● **Description of the task**
Below are entries with pictures among them; reproduce exactly, and only, the lines from the one containing "Horloge Dames Furla WW00003008L3 (Ø 38 mm)" down to the one containing "微信圖片_20200726185420", without the pictures.

● **Supplied records**
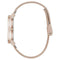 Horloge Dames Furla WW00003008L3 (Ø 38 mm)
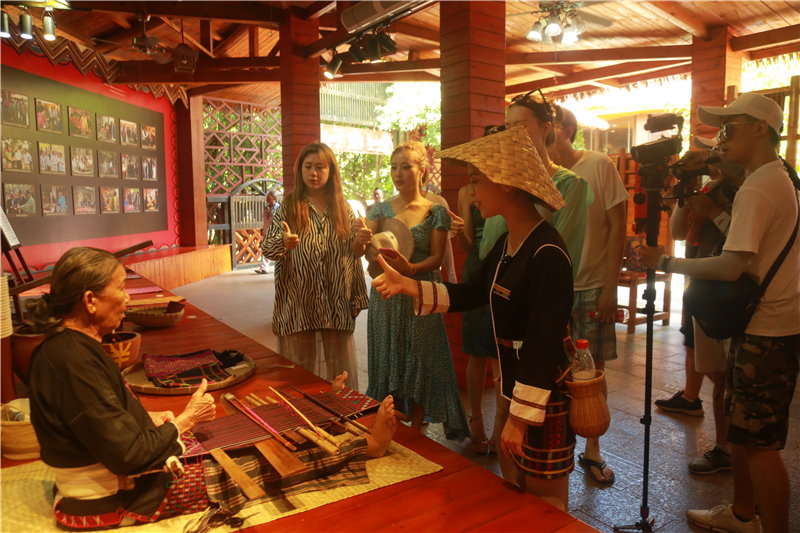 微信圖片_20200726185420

==

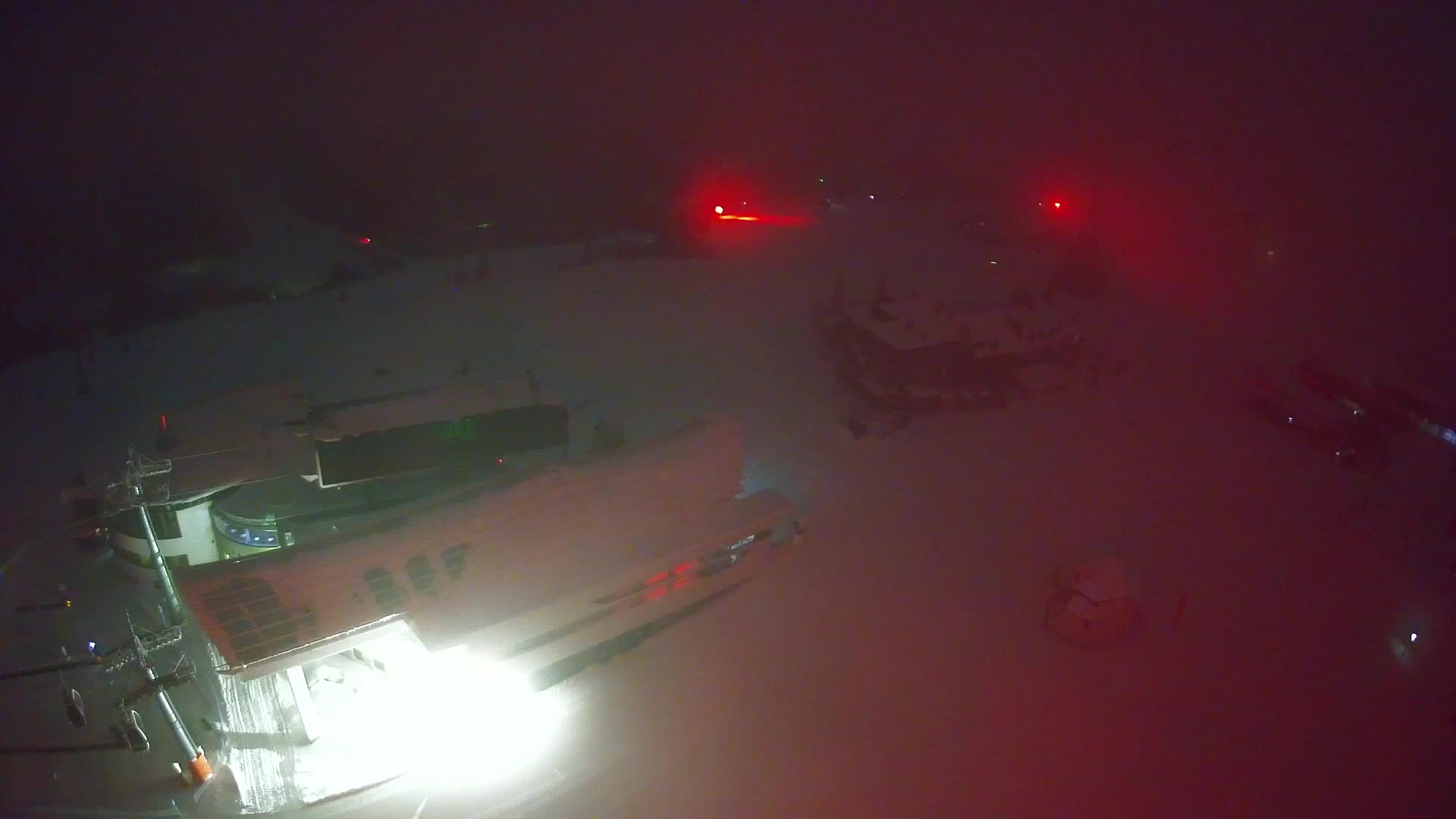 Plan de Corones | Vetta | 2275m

● **Answer space**
 Horloge Dames Furla WW00003008L3 (Ø 38 mm)
 微信圖片_20200726185420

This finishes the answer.